##### Source data

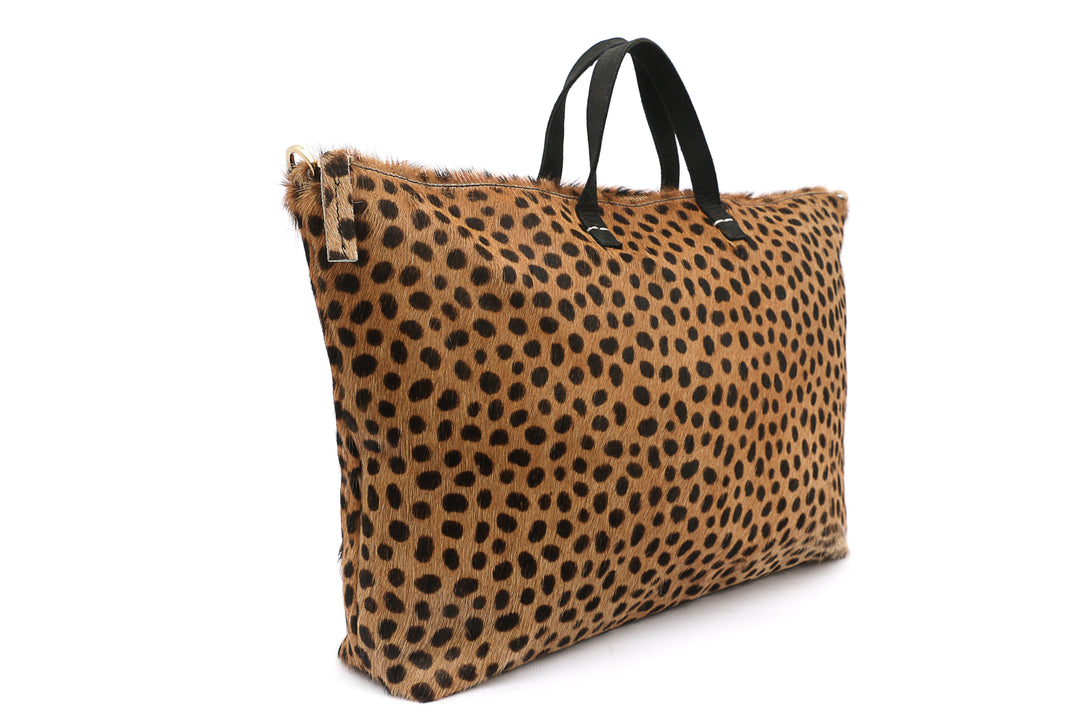 Leopard Travel Bag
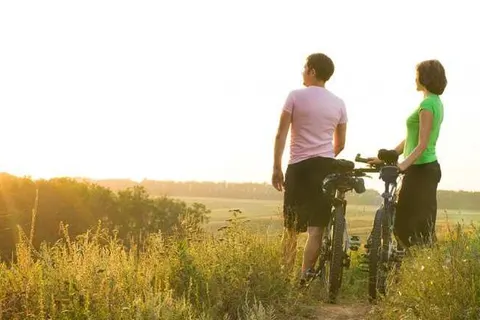 Fietsvakantie rondje Drenthe foto 3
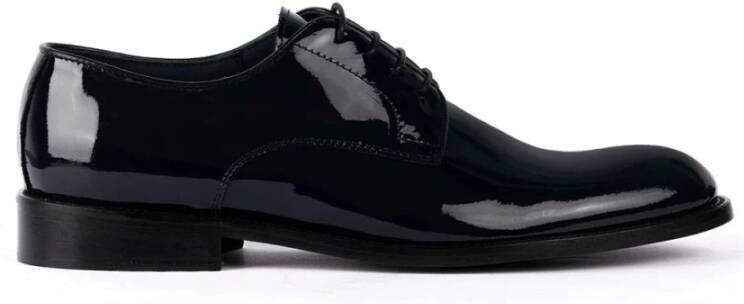 Exton Klassieke Lakleren Geklede Schoen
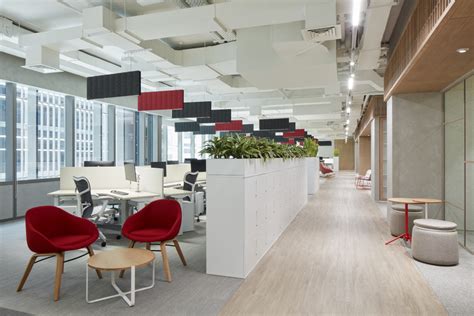 Summertown Interiors Delivers Takedas New Hq Designed By Roar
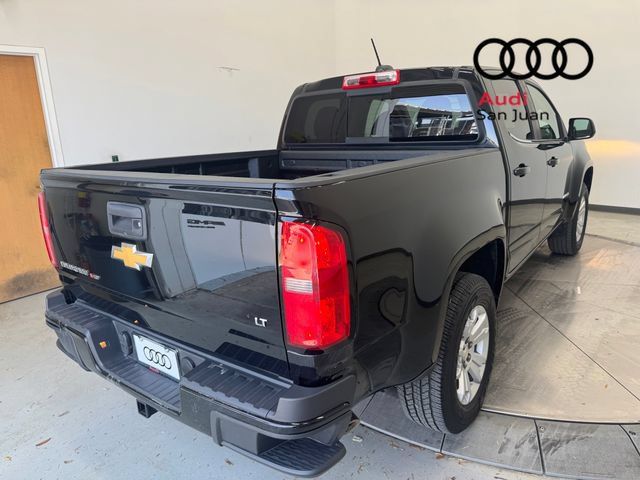 Used 2019 Chevrolet Colorado LT w/ LT Convenience Package RWD image 37
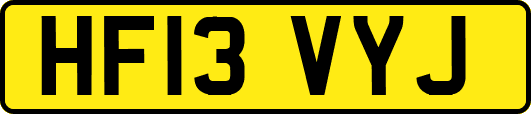 HF13VYJ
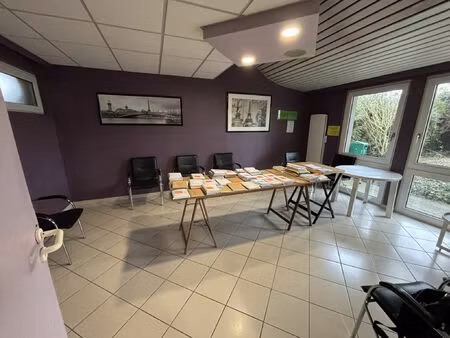 location commerce 185 m² à cattenom (57570)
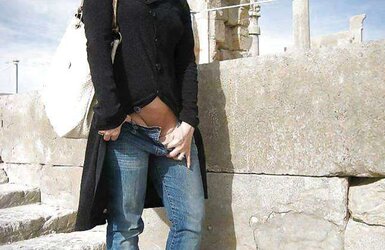 Steamy Iranian Nymphs Part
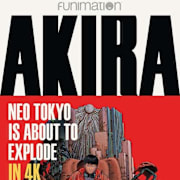 Akira (1988) Poster 0
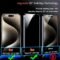 iPhone 15 Plus Privacy Glass Screen Protector - Image 7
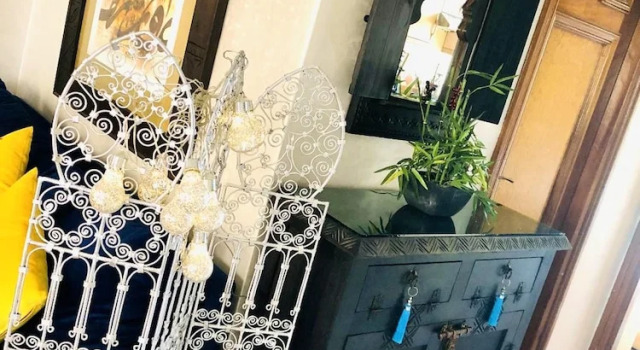 Apartment With 2 Bedrooms in Mohammedia, With Shared Pool, Enclosed Garden and Wifi Near the Beach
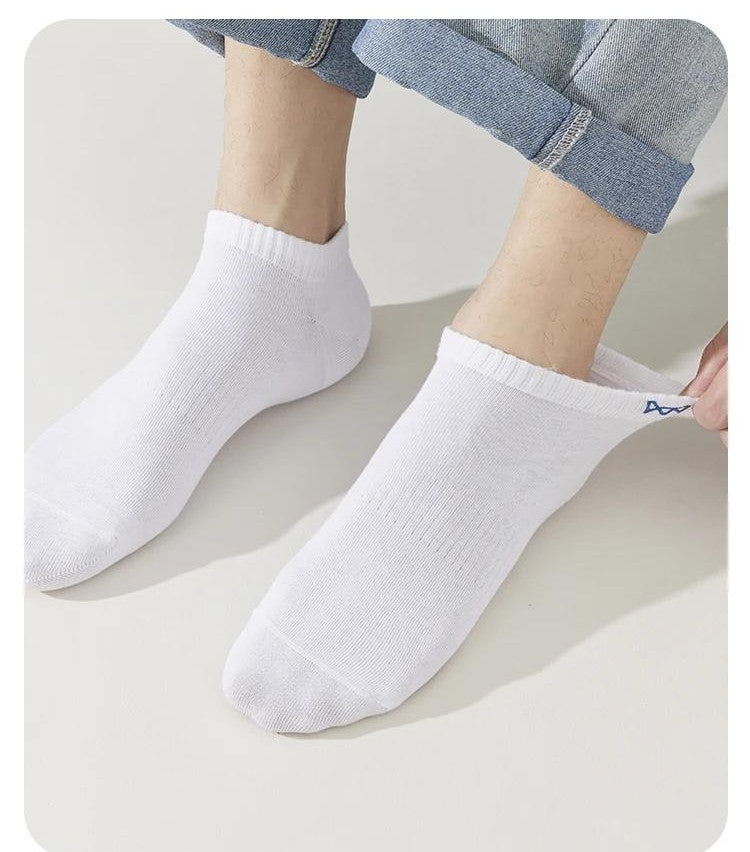 Pure Cotton Short Sock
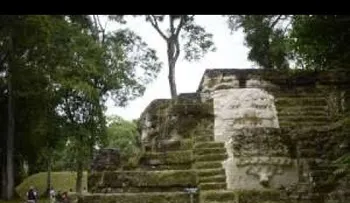 Descubrieron una gigantesca ciudad maya en la selva de Guatemala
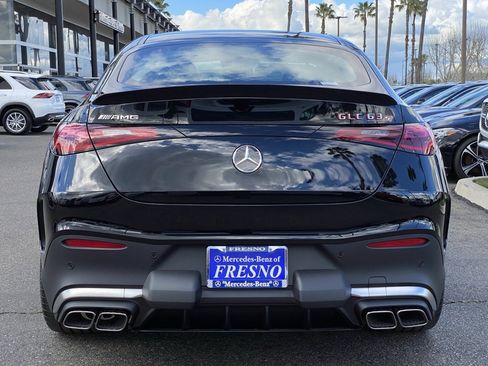 New 2025 Mercedes-Benz GLC 63 AMG S image 17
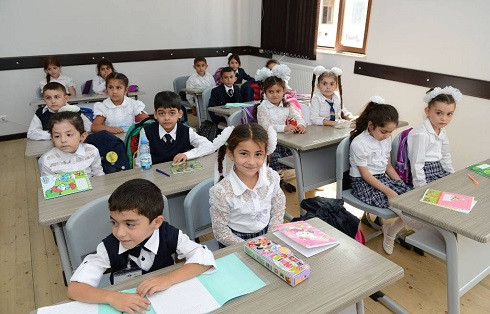 Khám phá muôn màu ngày Nhà giáo trên khắp thế giới ảnh 6 Khám phá muôn màu ngày Nhà giáo trên khắp thế giới ảnh 6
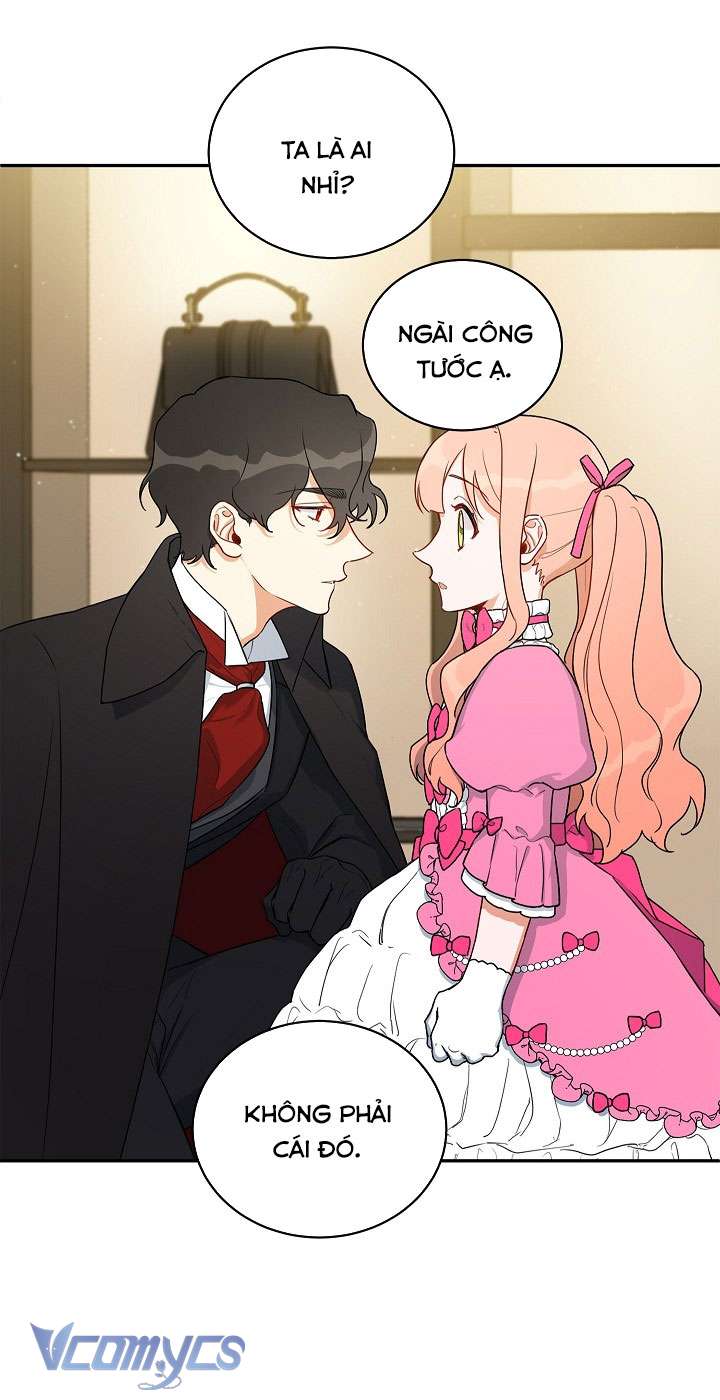 phương pháp trở thành con gái của người hùng bóng đêm chapter 8 10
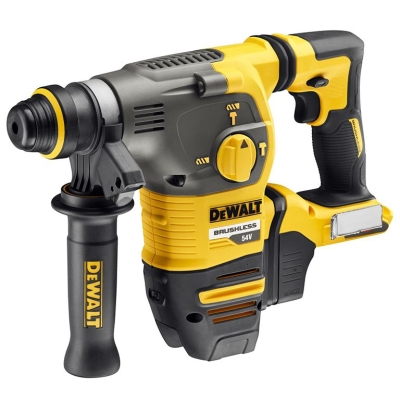 Акумулаторен перфоратор DeWALT DCH323NT, SDS-Plus, 54/18 V, 2.8 J, 0-4390 уд/мин, без батерии и зарядно устройство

##########

Copy the whole listing exactly, excluding the pictures in it.

> _Answer section_
 Leopard Travel Bag
 Fietsvakantie rondje Drenthe foto 3
 Exton Klassieke Lakleren Geklede Schoen
 Summertown Interiors Delivers Takedas New Hq Designed By Roar
 Used 2019 Chevrolet Colorado LT w/ LT Convenience Package RWD image 37
 HF13VYJ
 location commerce 185 m² à cattenom (57570)
 Steamy Iranian Nymphs Part
 Akira (1988) Poster 0
 iPhone 15 Plus Privacy Glass Screen Protector - Image 7
 Apartment With 2 Bedrooms in Mohammedia, With Shared Pool, Enclosed Garden and Wifi Near the Beach
 Pure Cotton Short Sock
 Descubrieron una gigantesca ciudad maya en la selva de Guatemala
 New 2025 Mercedes-Benz GLC 63 AMG S image 17
 Khám phá muôn màu ngày Nhà giáo trên khắp thế giới ảnh 6 Khám phá muôn màu ngày Nhà giáo trên khắp thế giới ảnh 6
 phương pháp trở thành con gái của người hùng bóng đêm chapter 8 10
 Акумулаторен перфоратор DeWALT DCH323NT, SDS-Plus, 54/18 V, 2.8 J, 0-4390 уд/мин, без батерии и зарядно устройство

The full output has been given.